Regret Minimization
Regret minimization is the process of selecting actions to execute on a system that minimize the cumulative regret throughout an experiment. Instantaneous regret of action $a_k$ is defined as the difference between the utility of the executed action $r(a_k)$ and the utility of the optimal action $r(a^*)$:
\[\text{Instantenous Regret} := r(a_k) - r(a^*).\]The cumulative regret (often just termed regret) is then the sum of the instantaneous regret of all N actions up to the current action:
\[\text{Regret} := \sum_{k = 1}^N r(a_k) - r(a^*)\]Thus in words, regret minimization is the process of identifying and sampling the optimal action as quickly as possible.
Thompson Sampling
There are many posterior sampling techniques designed for regret minimization. In POLAR, we utilize Thompson Sampling. The general idea of Thompson Sampling is the following:
- Draw $n$ samples $f_i$ for $i = 1, \dots, n$ from the posterior distribution $P(\bf{r} | \bf{D})$ where $\bf{r} := [r(a_1), \dots, r(a_N)]^T$ is the vectorized utilities and $\bf{D}$ is the collected feedback.
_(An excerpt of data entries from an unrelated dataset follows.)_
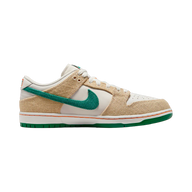 NIKE SB DUNK LOW 'JARRITOS'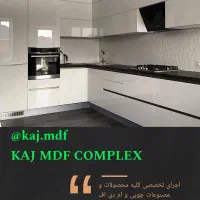 کابینت،کمدلباس،دکور MDF سفارشی، تولید مستقیم|جاکفشی، کمد، دراور|فسا, |دیوار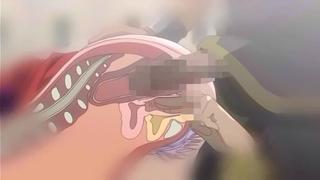 porn rus subs princess knight lilia 05himekishi lilia принцесса рыцарь лилия 18 hentai hd хентай hd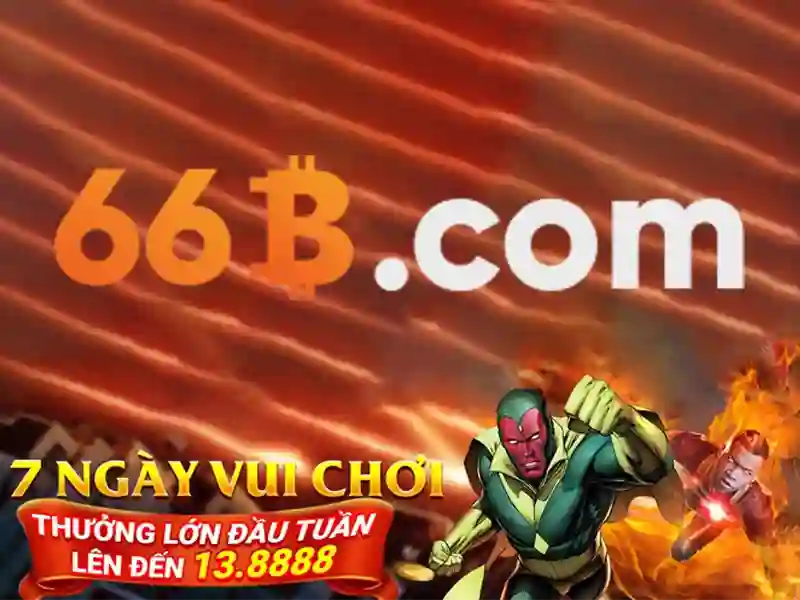 https://skeith.uk/images/text/66b/66b-text824.webp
- Select $n$ actions $a_i$ for $i = 1, \dots, n$ to execute such that: \(a_i = \underset{a \in \mathcal{A}}{\text{argmax}}~ r_i,\) where $\mathcal{A}$ is the set of all actions.
POLAR Settings
To use Thompson Sampling in POLAR, use the following setting:
obj.settings.sampling.type = 1;
Thompson Sampling Example
To visualize Thompson Sampling, first change the settings of setupLearning.m in the 1D Function example to the following (n and b are optional but better for visualization):
settings.sampling.type = 1;
settings.n = 2;
settings.b = 0;
Next, to run a simulation with visualization run:
toolbox_addpath
cd('examples/ThompsonSamplingVisualization')
run_simulation